2026-02-13 19:30:28 -08:00
parent 3470345624
commit 4214d4fefe
4 changed files with 34 additions and 2 deletions
--- a/9
+++ b/9
@@ -135,20 +135,27 @@ RUN --mount=type=cache,id=repo-cache,target=/repo-cache \

 WORKDIR /workspace/flashinfer

+# Apply patch to avoid re-downloading existing cubins
+COPY flashinfer_cache.patch .
+RUN patch -p1 < flashinfer_cache.patch
+
 # flashinfer-python
 RUN --mount=type=cache,id=uv-cache,target=/root/.cache/uv \
    --mount=type=cache,id=ccache,target=/root/.ccache \
+    --mount=type=cache,id=cubins-cache,target=/workspace/flashinfer/flashinfer-cubin/flashinfer_cubin/cubins \
    sed -i -e 's/license = "Apache-2.0"/license = { text = "Apache-2.0" }/' -e '/license-files/d' pyproject.toml && \
    uv build --no-build-isolation --wheel . --out-dir=/workspace/wheels -v

 # flashinfer-cubin
 RUN --mount=type=cache,id=uv-cache,target=/root/.cache/uv \
    --mount=type=cache,id=ccache,target=/root/.ccache \
+    --mount=type=cache,id=cubins-cache,target=/workspace/flashinfer/flashinfer-cubin/flashinfer_cubin/cubins \
    cd flashinfer-cubin && uv build --no-build-isolation --wheel . --out-dir=/workspace/wheels -v

 # flashinfer-jit-cache
 RUN --mount=type=cache,id=uv-cache,target=/root/.cache/uv \
    --mount=type=cache,id=ccache,target=/root/.ccache \
+    --mount=type=cache,id=cubins-cache,target=/workspace/flashinfer/flashinfer-cubin/flashinfer_cubin/cubins \
    cd flashinfer-jit-cache && \
    uv build --no-build-isolation --wheel . --out-dir=/workspace/wheels -v

@@ -301,7 +308,7 @@ RUN chmod +x $VLLM_BASE_DIR/run-cluster-node.sh

 # Final extra deps
 RUN --mount=type=cache,id=uv-cache,target=/root/.cache/uv \
-    uv pip install ray[default] fastsafetensors
+    uv pip install ray[default] fastsafetensors nvidia-nvshmem-cu13

 # Cleanup

--- a/Dockerfile.mxfp4
+++ b/Dockerfile.mxfp4
@@ -276,7 +276,7 @@ RUN chmod +x $VLLM_BASE_DIR/run-cluster-node.sh

 # Final extra deps
 RUN --mount=type=cache,id=uv-cache,target=/root/.cache/uv \
-    uv pip install ray[default] fastsafetensors
+    uv pip install ray[default] fastsafetensors nvidia-nvshmem-cu13

 # If not compiling Triton
 # remove triton-kernels as they are not compatible with this vLLM version yet
--- a/build-and-copy.sh
+++ b/build-and-copy.sh
@@ -22,6 +22,7 @@ EXP_MXFP4=false
 TRITON_REF_SET=false
 VLLM_REF_SET=false
 VLLM_PRS=""
+FULL_LOG=false

 cleanup() {
    if [ -n "$TMP_IMAGE" ] && [ -f "$TMP_IMAGE" ]; then
@@ -81,6 +82,7 @@ usage() {
    echo "  --pre-tf, --pre-transformers : Install transformers 5.0.0rc0 or higher"
    echo "  --exp-mxfp4, --experimental-mxfp4 : Build with experimental native MXFP4 support"
    echo "  --apply-vllm-pr <pr-num>  : Apply a specific PR patch to vLLM source code.

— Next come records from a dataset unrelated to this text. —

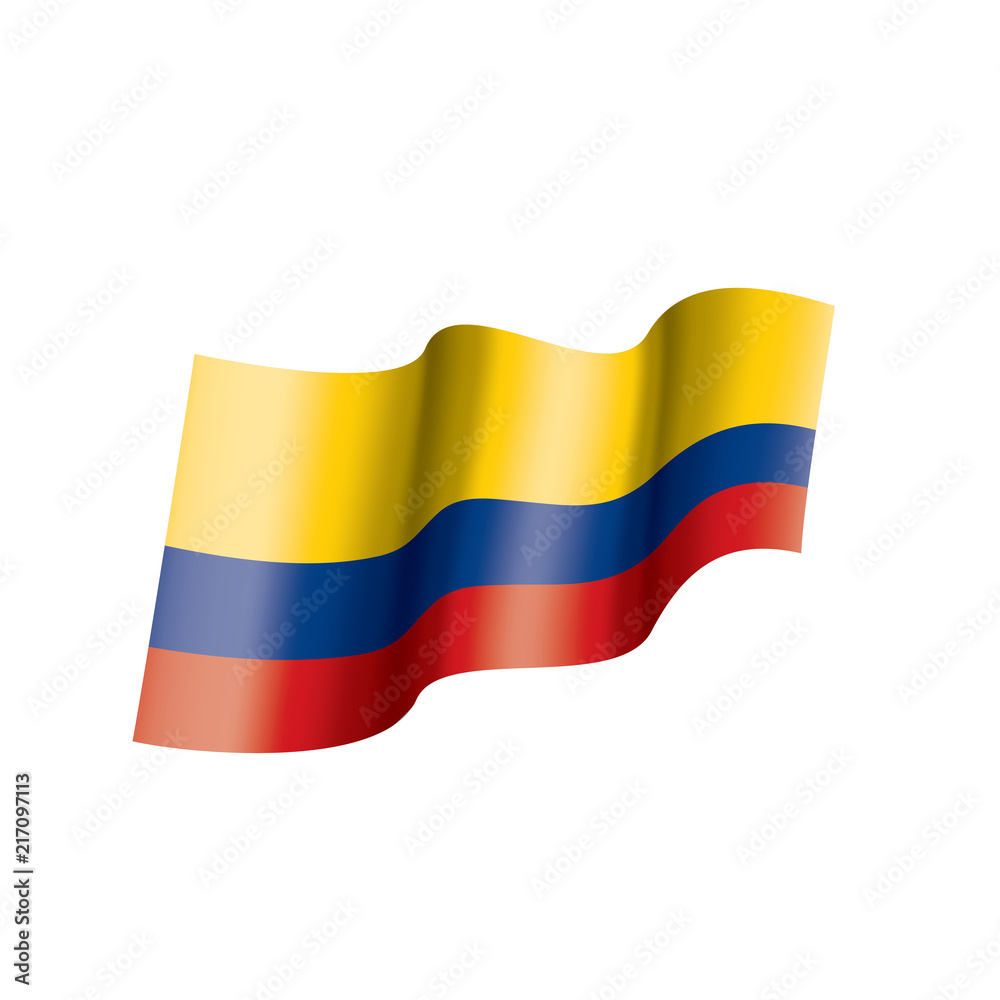 Fototapeta premium Colombia flag, vector illustration on a white background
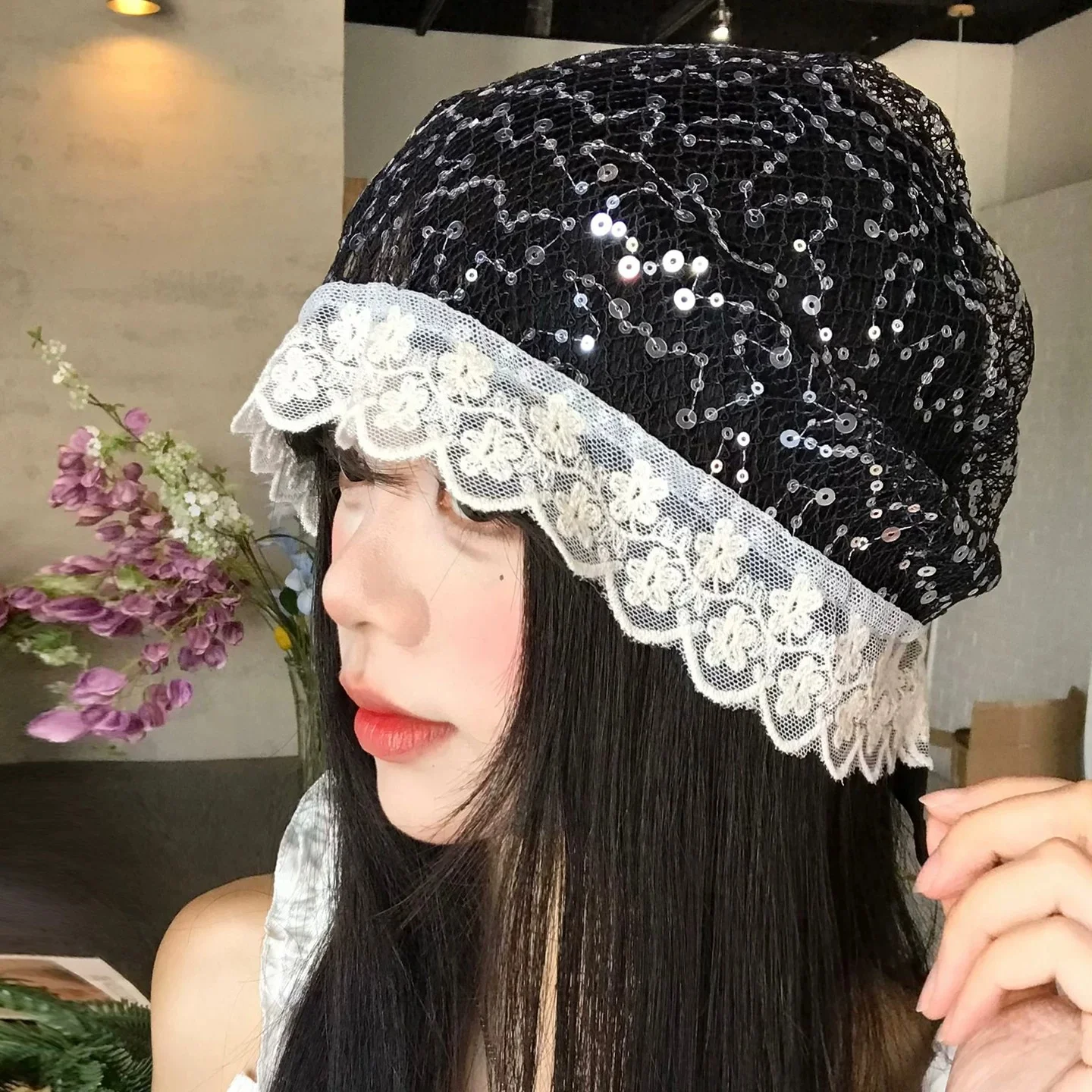 Korean Fashion Sequin Lace Cut-out Pullover Hat Summer Thin Breathable Beanie Caps Street Lace-up Cold Hat for Women Gorras
Korean Fashion Sequin Lace Cut-out Pullover Hat Summer Thin Breathable Beanie Caps Street Lace-up Cold Hat for Women Gorras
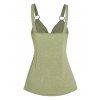 Twist Front Asymmetric Long Tank Top O Ring Strap Plunging Neck Backless Tank Top - LIGHT GREEN XL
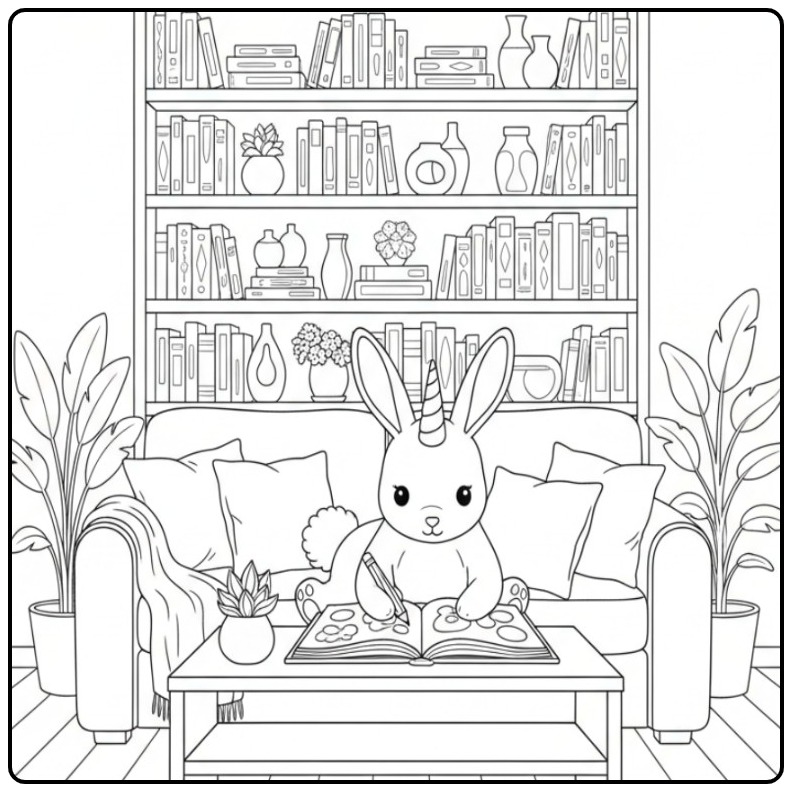 Un joli coloriage lapin licorne dessinant dans un salon cosy.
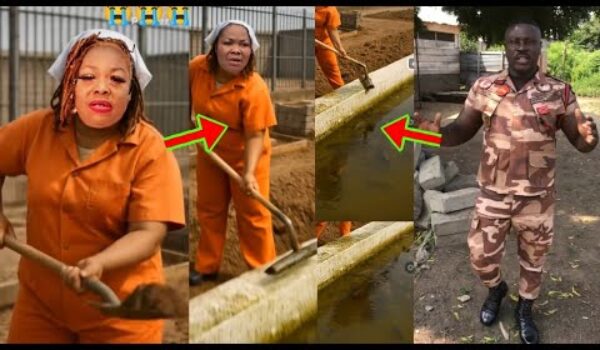 Watch How The Prison Officers Are Using Agradaa To Do Hard Work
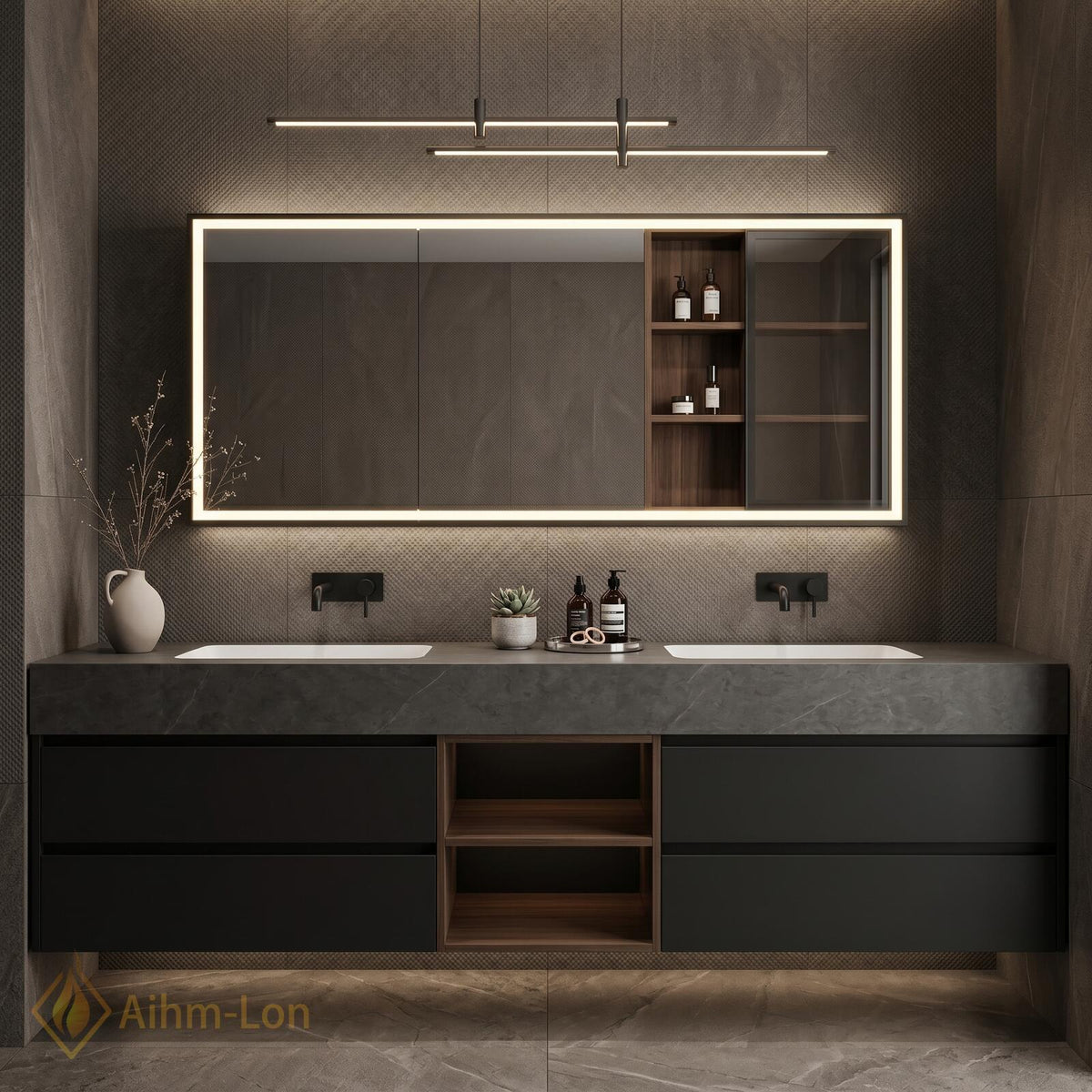 60''-96'' Double Bathroom Vanity with Sink Floating Dark Matte Finish Open Shelf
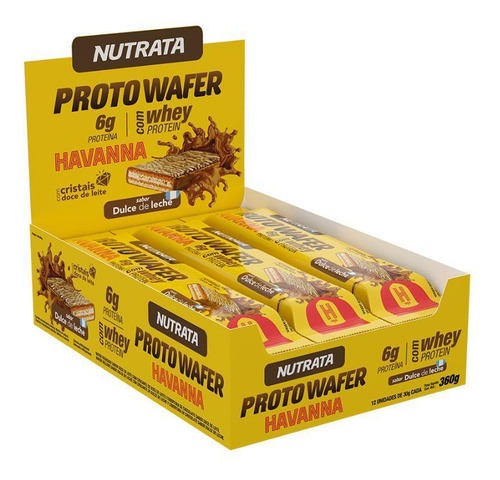 Nutrata Proto Wafer Sabor Doce De Leite Havanna Dp C/12 30gr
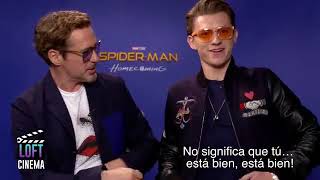 Tom Holland takes revenge and crashes in RDJs interview  SpiderMan Homecoming press [upl. by Arul127]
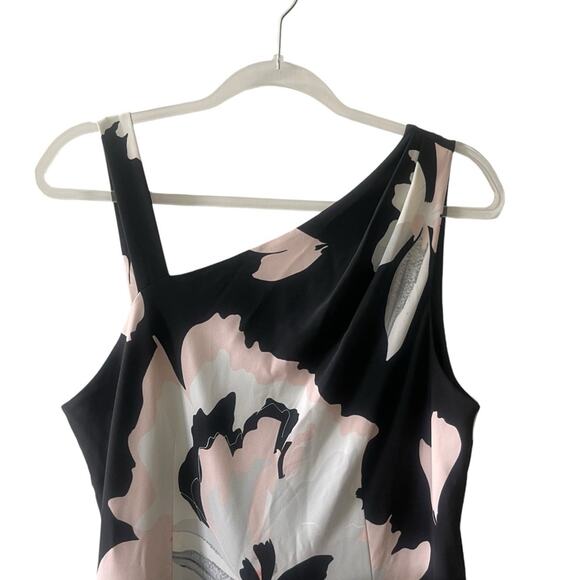 Jones New York Floral Asymmetrical Sleeveless Belted Mid Calf Dress Black 14 - Picture 2 of 10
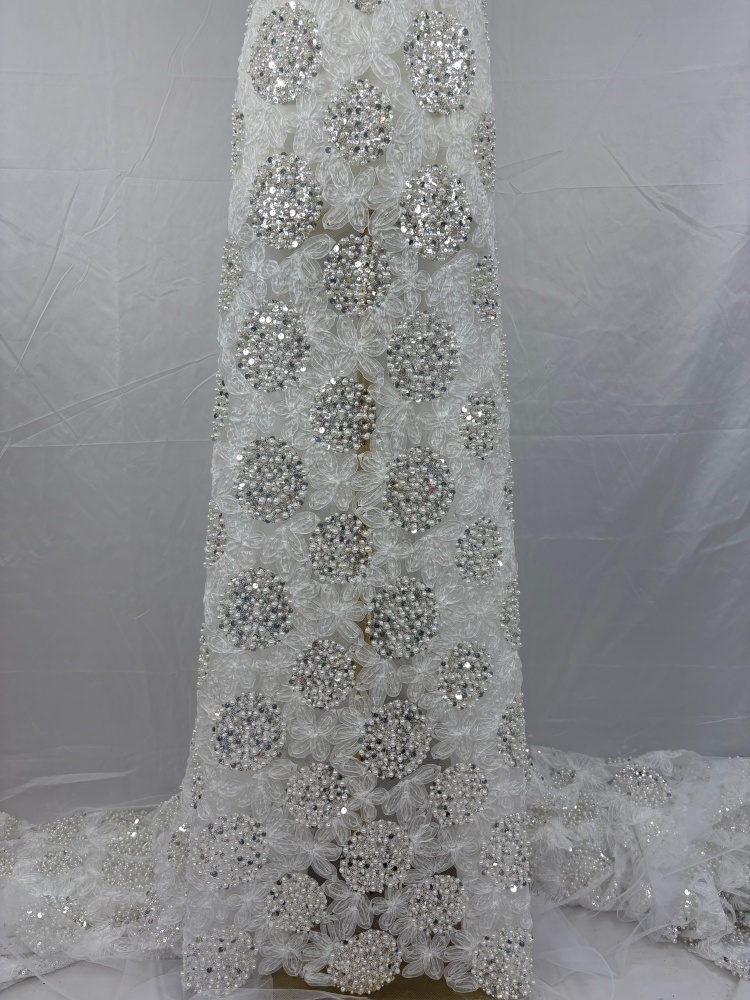 Embroidery Net Fabric - 고급스러운 스팽글 레이스 원단, 고품질 프랑스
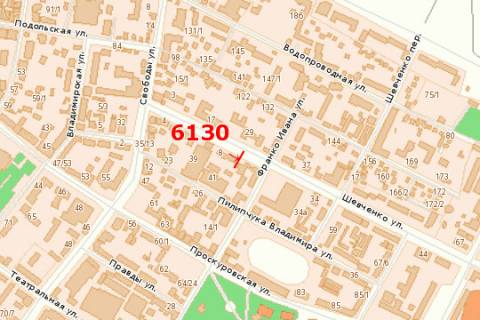 Билборд A в Хмельницком, 3x6  Шевченка вул. - Свободи вул. схема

Can be specified multiple times."
+    echo "  --full-log                : Enable full build logging (--progress=plain)"
    echo "  --no-build                : Skip building, only copy image (requires --copy-to)"
    echo "  -h, --help                : Show this help message"
    exit 1
@@ -158,6 +160,7 @@ while [[ "$#" -gt 0 ]]; do
               exit 1
            fi
            ;;
+        --full-log) FULL_LOG=true ;;
        --no-build) NO_BUILD=true ;;
        -h|--help) usage ;;
        *) echo "Unknown parameter passed: $1"; usage ;;
@@ -198,6 +201,10 @@ if [ "$NO_BUILD" = false ]; then
    # Construct build command
    CMD=("docker" "build" "-t" "$IMAGE_TAG")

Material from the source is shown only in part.